- Work task -
Your reply should reproduce all the data below exactly while excluding the pictures.

(Dataset excerpt begins)

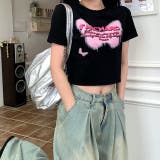 バタフライロゴプリントショート丈Tシャツ | SHEENA | 詳細画像2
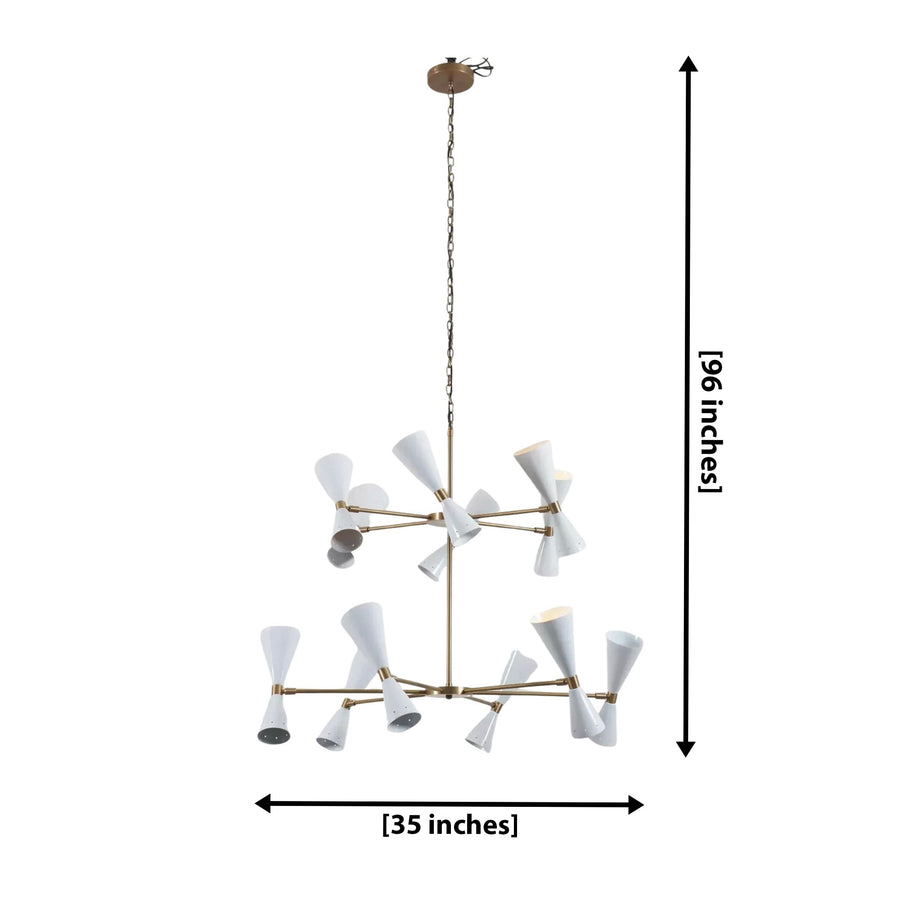 Auckland 24 light chandelier shown illuminated with white double-cone shades and a sculptural two-tier brass-tone frame.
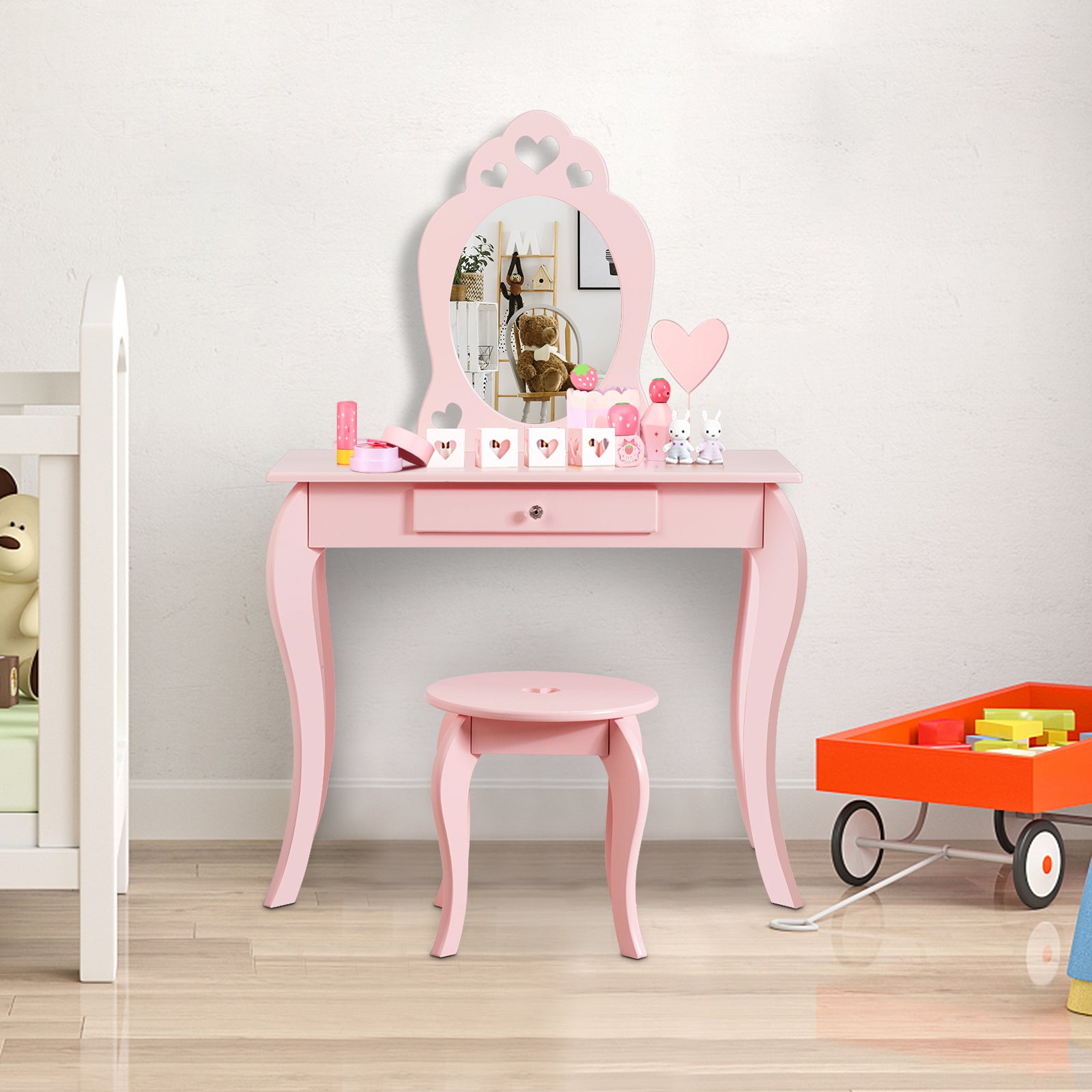 Kids Vanity Table and Stool with Removable Mirror and Drawer-Pink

(Dataset excerpt ends)

- Answer to this exercise -
 バタフライロゴプリントショート丈Tシャツ | SHEENA | 詳細画像2
 Auckland 24 light chandelier shown illuminated with white double-cone shades and a sculptural two-tier brass-tone frame.
 Kids Vanity Table and Stool with Removable Mirror and Drawer-Pink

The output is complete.